I have re-tested on my skylake notebook and updated the blog. It confirms darn old CPU I use as my benchmark machine. Maybe it is bit more sensitive to the difference which is expected for non-server CPU.

GCC does "almost full LTO" with partitioning, while clang does thinLTO that does make most of code size/speed tradeoffs without considering whole program context, so it may be interesting to get both alternatives closer in code size/performance metrics.

I have got Firefox developer account of level1 and I am looking into official benchmarking architecture which I have now updated to GCC 8 with LTO+PGO.

hubicka · on Dec 18, 2018

I would be happy to help with solving GCC related issues and look into performance regressions relative to clang (I am still in process of looking into -O2 performance and plan to set up talos next)

hubicka · on Dec 16, 2018

You need to explicitly ask for it via attribute, no automatic multiversioning is done (yet) and it would be more for -Ofast than usual -O2 builds I guess.

hubicka · on Dec 16, 2018

You can try the binary on your CPU.

This particular workload does not make much difference between modern CPUs. I just tried the Sunspider benchmark on my skylake and it has similar outcomes as reported, but there is more noise since it is notebook

What I got is: GCC 8 build: 333 +- 3.3% Tumbleweed distro firefox: 352 +- 3.4% Firefox 63 (GCC) official binary: 346 +- 5.6% Firefox 64 (llvm) official binary: 342 +- 5.1% but I do not completely trust the numbers as re-running the benchmark leads to different outcome each time

hubicka · on Dec 16, 2018

I would be interested to know what cache aware code layout optimizations are available in LLVM. I personally know of none. GCC is bit simplistic in this sense (it does reorder functions based on profile feedback and execution time) and I plan to change that for next stage 1 (i.e. GCC 10)

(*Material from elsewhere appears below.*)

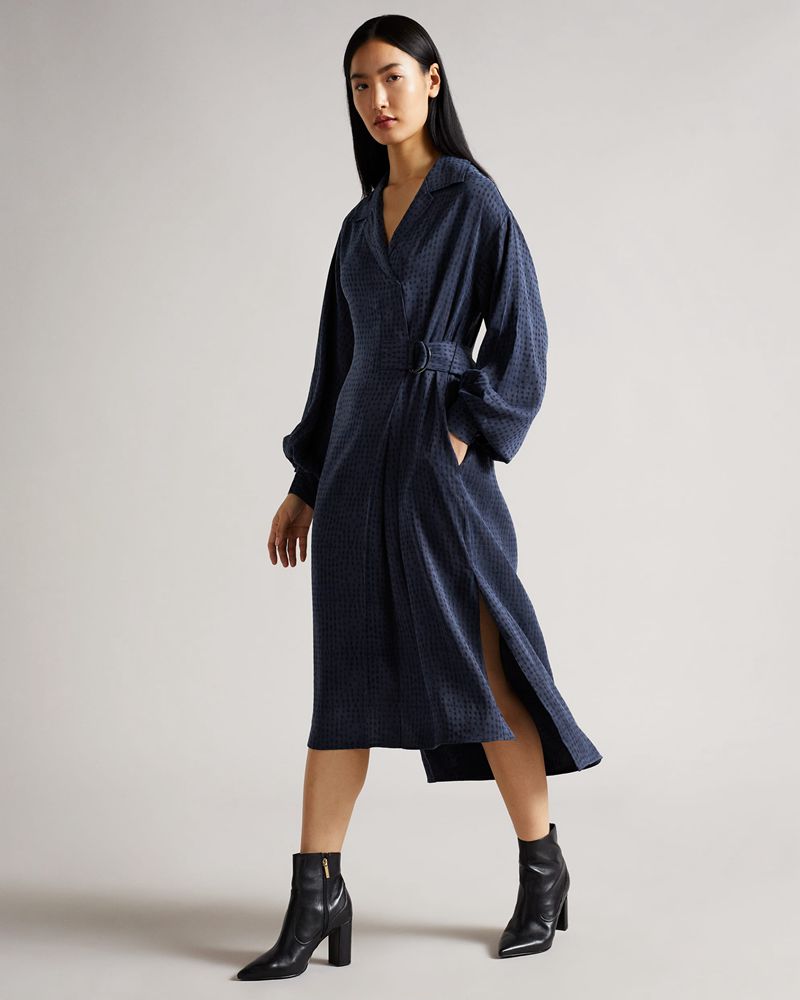 Ted Baker Sammmie D Ring Midi Klänning Dam Blå | XHL-253148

DannyBee · on Dec 16, 2018

Hey Jan, Long time ;)

LLVM will do the same kind of reordering.

(Both are interestingly well behind what commercial compilers do, and this is one of the very few areas where that is true. My suspicion is that it does not matter as much in practice as we want it to. Most forms of layout optimization are also very hard to perform on the C++ code you want to optimize due to inability to prove safety)

hubicka · on Dec 16, 2018

Hehe, nice to see you :)

Yep, I have code layout pass in my tree for a while, but because I was never really able to measure off-noise improvements it is not in the tree, yet. I hope to make more sense of it with help of CPU counters which improved over the time.

mhh__ · on Dec 16, 2018

I'm not familiar enough with LLVM to really say, so I was just speculating: I vaguely remembered some kind of talk about cache optimisation and LLVM, so it's possible it was talking about the LLVM codebase rather than the passes available in LLVM.

hubicka · on Dec 16, 2018

There are several independent things

- first how you set -O2 defaults in your compiler. This is a delicate problem since you need to find right balance of code size, compile time, robustness of generated code (do not trigger undefined effect in super evil ways) and of course runtime. In benchmarks I have found that Clang has bit of edge for runtime which is mostly vectorization (on x86-64)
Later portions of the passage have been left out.